Cassandra Clarke is overseeing an archaeological dig in Arizona when a chance encounter transports her to 1950s Damascus. There, she finds herself unwillingly drawn to the Seekers—the last living remnants of the Zetetic Society who need her help to track down the missing Cosimo Livingstone and his grandson Kit.

But there are darker forces at work in the universe whose agents always seem to be one step ahead of the rest—and they’re all desperate to gain the ultimate prize in this treasure hunt where the stakes increase at every turn. At the heart of the mystery lies the Spirit Well.

Review:
This is the third novel in the Bright Empires series. I have read the first, but missed the second. Though, I had no problem jumping back into the story. In fact, it didn’t seem like I had missed too much. And there was a nice recap at the beginning that caught me up on what all had happened, some of which I had forgotten.

The characters are fairly memorable, especially that of Mina who is an incredibly capable and self-sufficient young woman. As the novel follows the various characters and their journeys, the Spirit Well becomes the focus as the Skin Map takes a back seat.

Lawhead’s scifi/fantasy world is one of time travel and alternate realities where ley lines can send travelers to countless eras and destinations.
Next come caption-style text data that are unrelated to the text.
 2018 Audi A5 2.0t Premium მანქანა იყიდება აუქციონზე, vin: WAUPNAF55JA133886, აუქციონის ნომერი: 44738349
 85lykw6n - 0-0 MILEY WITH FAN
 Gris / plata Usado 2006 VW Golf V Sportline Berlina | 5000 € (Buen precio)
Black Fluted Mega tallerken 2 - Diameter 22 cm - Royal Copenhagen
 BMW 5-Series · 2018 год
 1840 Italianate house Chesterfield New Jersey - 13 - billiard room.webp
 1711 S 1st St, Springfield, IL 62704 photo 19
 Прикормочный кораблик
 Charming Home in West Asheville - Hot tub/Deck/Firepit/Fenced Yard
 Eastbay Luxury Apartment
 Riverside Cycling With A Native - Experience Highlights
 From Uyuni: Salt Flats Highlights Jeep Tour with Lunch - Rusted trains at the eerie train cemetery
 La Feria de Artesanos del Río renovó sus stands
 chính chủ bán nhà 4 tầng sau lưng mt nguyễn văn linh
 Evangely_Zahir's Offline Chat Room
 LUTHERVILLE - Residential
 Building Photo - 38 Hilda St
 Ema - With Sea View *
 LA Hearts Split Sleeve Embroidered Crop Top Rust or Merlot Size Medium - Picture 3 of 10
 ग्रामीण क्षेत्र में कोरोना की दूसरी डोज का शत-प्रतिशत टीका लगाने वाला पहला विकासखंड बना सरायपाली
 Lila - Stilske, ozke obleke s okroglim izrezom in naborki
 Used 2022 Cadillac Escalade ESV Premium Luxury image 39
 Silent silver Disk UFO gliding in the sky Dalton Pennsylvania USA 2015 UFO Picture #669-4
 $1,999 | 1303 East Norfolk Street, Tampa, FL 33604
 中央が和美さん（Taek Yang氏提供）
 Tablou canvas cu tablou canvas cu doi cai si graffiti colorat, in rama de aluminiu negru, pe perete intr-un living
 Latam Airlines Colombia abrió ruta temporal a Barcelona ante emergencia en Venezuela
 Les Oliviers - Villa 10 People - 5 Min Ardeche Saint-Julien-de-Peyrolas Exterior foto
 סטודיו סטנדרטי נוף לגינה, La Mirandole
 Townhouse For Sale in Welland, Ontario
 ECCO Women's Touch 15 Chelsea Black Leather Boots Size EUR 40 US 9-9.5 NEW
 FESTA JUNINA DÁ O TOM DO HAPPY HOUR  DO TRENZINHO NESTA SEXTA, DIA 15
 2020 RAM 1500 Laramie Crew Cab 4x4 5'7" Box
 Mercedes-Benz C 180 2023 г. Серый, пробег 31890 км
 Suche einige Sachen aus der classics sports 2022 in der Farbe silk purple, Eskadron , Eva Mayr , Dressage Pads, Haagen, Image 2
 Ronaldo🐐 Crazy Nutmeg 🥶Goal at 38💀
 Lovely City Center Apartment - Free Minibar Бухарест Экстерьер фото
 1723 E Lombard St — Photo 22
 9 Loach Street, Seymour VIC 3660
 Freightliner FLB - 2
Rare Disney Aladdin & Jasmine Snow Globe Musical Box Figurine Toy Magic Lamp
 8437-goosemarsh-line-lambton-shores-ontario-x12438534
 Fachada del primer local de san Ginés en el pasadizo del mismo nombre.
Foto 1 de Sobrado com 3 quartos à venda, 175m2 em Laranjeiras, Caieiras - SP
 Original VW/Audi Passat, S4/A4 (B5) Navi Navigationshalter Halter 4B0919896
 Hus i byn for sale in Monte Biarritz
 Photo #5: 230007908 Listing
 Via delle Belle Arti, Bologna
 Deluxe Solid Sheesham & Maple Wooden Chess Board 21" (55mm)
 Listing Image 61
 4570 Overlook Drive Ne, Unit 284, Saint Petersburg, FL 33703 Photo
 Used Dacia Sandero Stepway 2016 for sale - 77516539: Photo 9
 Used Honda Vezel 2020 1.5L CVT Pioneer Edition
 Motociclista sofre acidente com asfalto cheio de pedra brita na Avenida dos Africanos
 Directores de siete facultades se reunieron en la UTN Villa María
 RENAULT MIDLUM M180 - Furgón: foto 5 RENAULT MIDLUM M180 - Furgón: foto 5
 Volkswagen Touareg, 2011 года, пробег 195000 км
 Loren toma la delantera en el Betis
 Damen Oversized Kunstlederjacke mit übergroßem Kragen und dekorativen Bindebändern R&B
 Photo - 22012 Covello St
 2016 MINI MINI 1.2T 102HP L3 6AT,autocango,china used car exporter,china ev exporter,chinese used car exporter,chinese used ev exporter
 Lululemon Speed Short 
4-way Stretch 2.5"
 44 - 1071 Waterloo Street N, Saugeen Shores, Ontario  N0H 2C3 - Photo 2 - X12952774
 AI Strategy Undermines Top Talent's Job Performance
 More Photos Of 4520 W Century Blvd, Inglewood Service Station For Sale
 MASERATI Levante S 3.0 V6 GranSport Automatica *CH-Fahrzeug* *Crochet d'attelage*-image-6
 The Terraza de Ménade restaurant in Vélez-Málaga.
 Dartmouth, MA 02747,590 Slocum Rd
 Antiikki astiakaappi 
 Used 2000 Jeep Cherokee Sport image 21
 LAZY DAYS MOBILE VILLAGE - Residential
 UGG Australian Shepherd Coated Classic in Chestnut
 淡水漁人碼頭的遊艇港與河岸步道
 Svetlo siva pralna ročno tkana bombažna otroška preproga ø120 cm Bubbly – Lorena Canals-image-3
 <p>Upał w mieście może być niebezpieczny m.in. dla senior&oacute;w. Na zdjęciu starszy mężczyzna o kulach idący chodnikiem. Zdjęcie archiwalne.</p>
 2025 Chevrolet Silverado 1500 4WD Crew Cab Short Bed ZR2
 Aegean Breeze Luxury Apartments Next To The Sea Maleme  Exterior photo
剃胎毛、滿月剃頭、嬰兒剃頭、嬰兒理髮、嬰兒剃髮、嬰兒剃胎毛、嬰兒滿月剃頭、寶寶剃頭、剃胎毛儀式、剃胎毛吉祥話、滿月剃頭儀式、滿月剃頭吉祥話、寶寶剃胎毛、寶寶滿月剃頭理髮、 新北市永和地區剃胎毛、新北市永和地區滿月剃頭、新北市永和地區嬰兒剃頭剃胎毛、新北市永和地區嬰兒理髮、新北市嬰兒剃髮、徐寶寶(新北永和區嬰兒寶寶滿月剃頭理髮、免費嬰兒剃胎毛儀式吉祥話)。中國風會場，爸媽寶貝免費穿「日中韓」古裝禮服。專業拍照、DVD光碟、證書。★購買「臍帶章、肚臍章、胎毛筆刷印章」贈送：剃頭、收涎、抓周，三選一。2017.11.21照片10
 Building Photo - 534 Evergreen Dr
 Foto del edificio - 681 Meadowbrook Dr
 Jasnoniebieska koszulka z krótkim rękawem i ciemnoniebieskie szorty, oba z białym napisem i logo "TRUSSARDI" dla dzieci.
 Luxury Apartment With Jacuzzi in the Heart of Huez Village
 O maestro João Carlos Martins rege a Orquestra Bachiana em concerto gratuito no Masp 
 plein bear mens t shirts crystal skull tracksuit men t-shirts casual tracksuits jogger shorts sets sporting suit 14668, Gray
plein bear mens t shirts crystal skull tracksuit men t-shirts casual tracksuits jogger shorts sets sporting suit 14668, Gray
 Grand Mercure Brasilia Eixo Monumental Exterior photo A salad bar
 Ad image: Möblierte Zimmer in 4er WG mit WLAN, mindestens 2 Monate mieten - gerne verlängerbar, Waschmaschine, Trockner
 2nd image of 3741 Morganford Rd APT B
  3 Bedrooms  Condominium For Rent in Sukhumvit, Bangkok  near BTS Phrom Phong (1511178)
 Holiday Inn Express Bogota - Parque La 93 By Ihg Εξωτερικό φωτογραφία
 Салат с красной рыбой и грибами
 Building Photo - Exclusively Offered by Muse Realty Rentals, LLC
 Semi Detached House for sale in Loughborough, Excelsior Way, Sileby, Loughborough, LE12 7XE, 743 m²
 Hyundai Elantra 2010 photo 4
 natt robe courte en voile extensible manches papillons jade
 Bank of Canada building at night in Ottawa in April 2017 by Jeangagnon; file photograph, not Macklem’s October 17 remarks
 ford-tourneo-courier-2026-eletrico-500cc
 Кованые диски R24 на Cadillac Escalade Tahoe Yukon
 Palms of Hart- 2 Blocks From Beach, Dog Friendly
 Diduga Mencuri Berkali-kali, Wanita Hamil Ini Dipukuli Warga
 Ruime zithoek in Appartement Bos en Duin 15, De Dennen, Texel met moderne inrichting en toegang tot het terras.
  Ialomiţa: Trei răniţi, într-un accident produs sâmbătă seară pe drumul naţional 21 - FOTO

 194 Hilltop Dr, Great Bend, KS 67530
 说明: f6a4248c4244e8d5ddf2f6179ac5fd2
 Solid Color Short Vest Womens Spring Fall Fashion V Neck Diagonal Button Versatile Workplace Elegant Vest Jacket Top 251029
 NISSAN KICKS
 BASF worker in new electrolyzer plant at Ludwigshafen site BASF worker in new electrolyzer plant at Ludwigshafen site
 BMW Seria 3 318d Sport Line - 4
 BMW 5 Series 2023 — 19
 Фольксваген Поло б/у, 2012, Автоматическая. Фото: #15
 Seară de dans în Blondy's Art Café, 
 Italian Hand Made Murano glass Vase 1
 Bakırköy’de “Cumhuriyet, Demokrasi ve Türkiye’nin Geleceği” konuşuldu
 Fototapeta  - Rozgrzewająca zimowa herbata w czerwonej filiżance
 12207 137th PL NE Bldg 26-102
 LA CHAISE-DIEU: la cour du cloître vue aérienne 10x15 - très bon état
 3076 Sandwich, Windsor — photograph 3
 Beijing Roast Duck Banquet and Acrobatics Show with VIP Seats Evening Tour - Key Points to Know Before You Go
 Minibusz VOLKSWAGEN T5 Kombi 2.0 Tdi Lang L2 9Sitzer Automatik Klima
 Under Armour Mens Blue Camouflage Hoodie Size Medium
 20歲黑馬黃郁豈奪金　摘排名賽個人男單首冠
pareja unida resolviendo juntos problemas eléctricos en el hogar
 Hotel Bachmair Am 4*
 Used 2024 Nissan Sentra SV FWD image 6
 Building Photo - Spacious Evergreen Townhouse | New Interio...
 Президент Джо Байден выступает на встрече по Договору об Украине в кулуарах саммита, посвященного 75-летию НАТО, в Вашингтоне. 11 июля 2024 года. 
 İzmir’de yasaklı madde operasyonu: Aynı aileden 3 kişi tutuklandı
The story is complex with many characters and subplots, but is still easy to follow. It’s an ambitious adventure, blending science fiction and fantasy. I enjoyed the pacing, but this installment wasn’t as suspenseful as the first. And it ended somewhat abruptly, but I’m not sure if the story is engaging enough keep me reading the rest of the series.

SciFi Book Review: Taken

Taken by Erin Bowman

Synopsis:
There are no men in Claysoot.
There are boys—but every one of them vanishes at midnight on his eighteenth birthday. The ground shakes, the wind howls, a blinding light descends . . . and he’s gone.
They call it the Heist.

Gray Weathersby’s eighteenth birthday is mere months away, and he’s prepared to meet his fate—until he finds a strange note from his mother and starts to question everything he’s been raised to accept: the Council leaders and their obvious secrets, the Heist itself, and what lies beyond the Wall that surrounds Claysoot—a structure that no one can cross and survive.

Climbing the Wall is suicide, but what comes after the Heist could be worse. Should he sit back and wait to be taken—or risk everything on the hope of the other side?

Review:
Gray is headstrong yet likeable. He’s very different from his peacemaker brother. So when his brother disappears on his birthday and Gray learns a shocking secret, he decides to climb the Wall and discover the truth – even if it kills him.

Bowman has created a fascinating dystopia wrapped in a mystery that slowly unfolds throughout the novel. This is one fantastic debut that should not be missed. Full of mystery, danger, drama, romance, intrigue, and lies – Taken is impossible to put down. The characters are engaging and the story complex. Fast-paced and exciting – this will certainly make my list of favorites for the year.